Caption-style text data:
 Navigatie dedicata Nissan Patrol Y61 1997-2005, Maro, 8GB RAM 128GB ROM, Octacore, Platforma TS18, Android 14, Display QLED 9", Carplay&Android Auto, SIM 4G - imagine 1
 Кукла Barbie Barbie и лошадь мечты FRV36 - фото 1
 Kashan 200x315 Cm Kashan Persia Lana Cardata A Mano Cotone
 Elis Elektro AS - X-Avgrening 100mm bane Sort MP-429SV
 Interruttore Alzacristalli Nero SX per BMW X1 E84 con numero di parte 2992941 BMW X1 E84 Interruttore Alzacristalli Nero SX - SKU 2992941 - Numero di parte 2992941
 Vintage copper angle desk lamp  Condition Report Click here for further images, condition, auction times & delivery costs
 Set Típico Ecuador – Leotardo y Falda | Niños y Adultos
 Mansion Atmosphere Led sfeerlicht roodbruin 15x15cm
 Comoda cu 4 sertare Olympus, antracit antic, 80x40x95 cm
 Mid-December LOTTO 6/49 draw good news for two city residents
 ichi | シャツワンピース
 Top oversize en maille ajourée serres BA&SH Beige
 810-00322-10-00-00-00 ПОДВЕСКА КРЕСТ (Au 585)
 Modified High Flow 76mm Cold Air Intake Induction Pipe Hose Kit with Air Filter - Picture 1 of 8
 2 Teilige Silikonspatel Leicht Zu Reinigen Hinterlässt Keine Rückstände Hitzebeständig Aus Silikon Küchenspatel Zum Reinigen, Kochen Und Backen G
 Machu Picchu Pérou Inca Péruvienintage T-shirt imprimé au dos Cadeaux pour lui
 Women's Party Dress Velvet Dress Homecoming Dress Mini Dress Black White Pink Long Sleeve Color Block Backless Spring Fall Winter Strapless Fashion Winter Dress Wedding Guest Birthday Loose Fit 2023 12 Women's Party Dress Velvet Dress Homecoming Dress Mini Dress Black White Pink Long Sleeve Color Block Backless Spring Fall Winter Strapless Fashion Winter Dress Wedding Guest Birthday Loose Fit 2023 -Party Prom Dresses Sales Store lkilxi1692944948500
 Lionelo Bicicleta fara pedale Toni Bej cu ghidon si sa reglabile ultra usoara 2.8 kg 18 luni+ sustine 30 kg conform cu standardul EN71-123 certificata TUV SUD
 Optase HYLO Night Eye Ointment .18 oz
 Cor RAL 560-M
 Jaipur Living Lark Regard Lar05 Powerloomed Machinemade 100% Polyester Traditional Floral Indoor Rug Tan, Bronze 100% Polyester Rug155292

ABOUT THIS TASK:
Repeat the entries above exactly, beginning at their first line and ending with the line that contains "810-00322-10-00-00-00 ПОДВЕСКА КРЕСТ", with nothing added.

RESULT FOR THIS EXERCISE:
 Navigatie dedicata Nissan Patrol Y61 1997-2005, Maro, 8GB RAM 128GB ROM, Octacore, Platforma TS18, Android 14, Display QLED 9", Carplay&Android Auto, SIM 4G - imagine 1
 Кукла Barbie Barbie и лошадь мечты FRV36 - фото 1
 Kashan 200x315 Cm Kashan Persia Lana Cardata A Mano Cotone
 Elis Elektro AS - X-Avgrening 100mm bane Sort MP-429SV
 Interruttore Alzacristalli Nero SX per BMW X1 E84 con numero di parte 2992941 BMW X1 E84 Interruttore Alzacristalli Nero SX - SKU 2992941 - Numero di parte 2992941
 Vintage copper angle desk lamp  Condition Report Click here for further images, condition, auction times & delivery costs
 Set Típico Ecuador – Leotardo y Falda | Niños y Adultos
 Mansion Atmosphere Led sfeerlicht roodbruin 15x15cm
 Comoda cu 4 sertare Olympus, antracit antic, 80x40x95 cm
 Mid-December LOTTO 6/49 draw good news for two city residents
 ichi | シャツワンピース
 Top oversize en maille ajourée serres BA&SH Beige
 810-00322-10-00-00-00 ПОДВЕСКА КРЕСТ (Au 585)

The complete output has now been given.